11. And the Spirit said unto again: Behold the Lord hath delivered him into they hands. Yea, and I also knew that he had sought to take away mine own life; yea, and he would not hearken unto the commandments of the Lord; and he also had taken away our property.


12. And it came to pass that the spirit said unto me again, Slay him, for the Lord hath delivered him into they hands;


13. Behold the Lord slayeth the wicked to bring forth his righteous purposes. It is better that one man should perish than that a nation should dwindle and perish in unbelief.


14. And now, when I, Nephi, had heard these words, I remembered the words of the Lord which he spake unto me in the wilderness, saying that: Inasmuch as thy seed shall keep my commandments, they shall prosper in the land of promise.


15. Yea, and I also thought that they could not keep the commandments of the Lord according to the law of Moses, save they should have the law.


16. And I also knew that the law was engraven upon the plates of brass.

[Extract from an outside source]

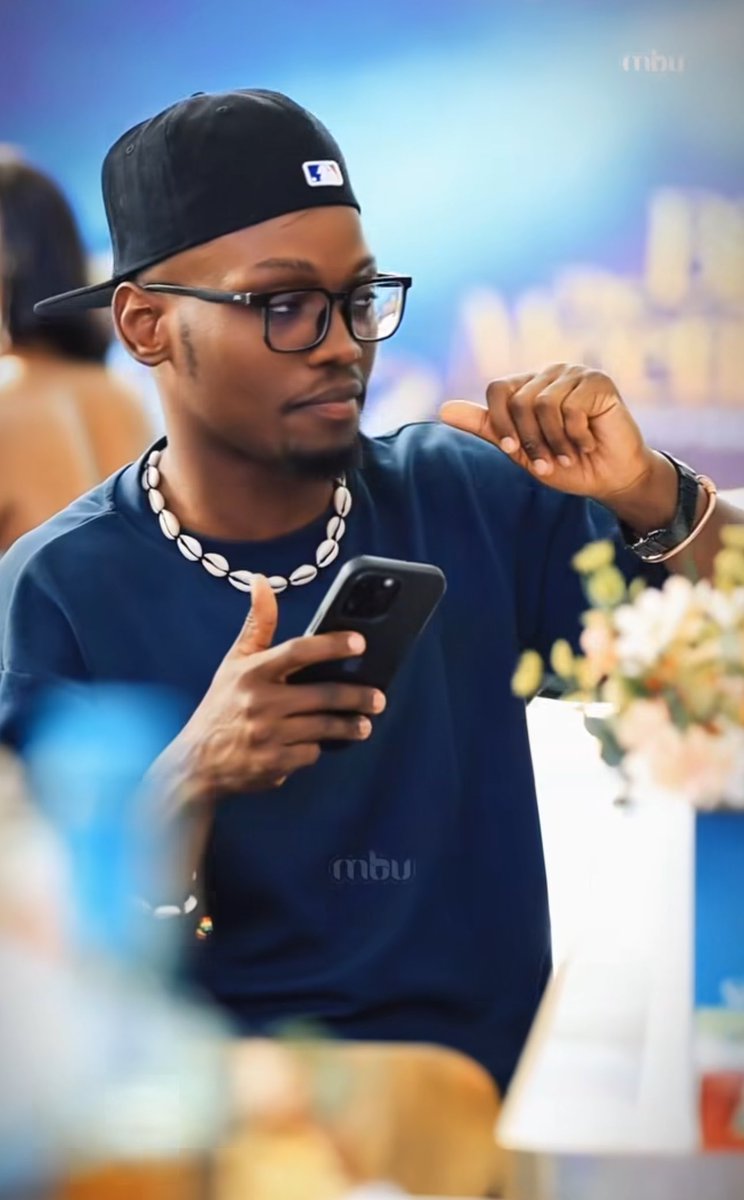 LoneChild 🦍 tweet media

17. And again, I knew that the Lord had delivered Laban into my hands for this cause--that I might obtain the records according to his commandments.


18. Therefore I did obey the voice of the Spirit, and took Laban by the hair of the head, and I smote off his head with his own sword.” (1 Nephi 4: 6-18)


Suspend, just for a moment, the linear progression of events that Nephi recounts here. Despite his temporal perception and account, let’s find an alternative starting point for this story within Nephi’s account.


Let’s begin with the prior communication Nephi had received from the Lord. Verse 14. Nephi has received a promise from God while he meditated in the quiet of a faraway oasis. With little distraction, Nephi had sought the Lord’s will. And he received it. I don’t think it’s a stretch to say it’s this communication, in addition to Nephi’s filial respect for his father-prophet, that is the key to Nephi’s remarkable persistence in the face of such long odds. Ancient preoccupation with seed aside, Nephi was in this for his future family, a powerful motivator for anyone. And those two important “P” words, prosper and promise, have pushed many a person beyond perceived limits.


So that’s the first tool available to Nephi, heart pounding, fatigued, and frantic in the dark streets of Jerusalem: a memory of past revelation, a remembrance of past promise.


What are his other tools? His understanding of prophetic discourse contained in holy writ and his powers of logical reasoning.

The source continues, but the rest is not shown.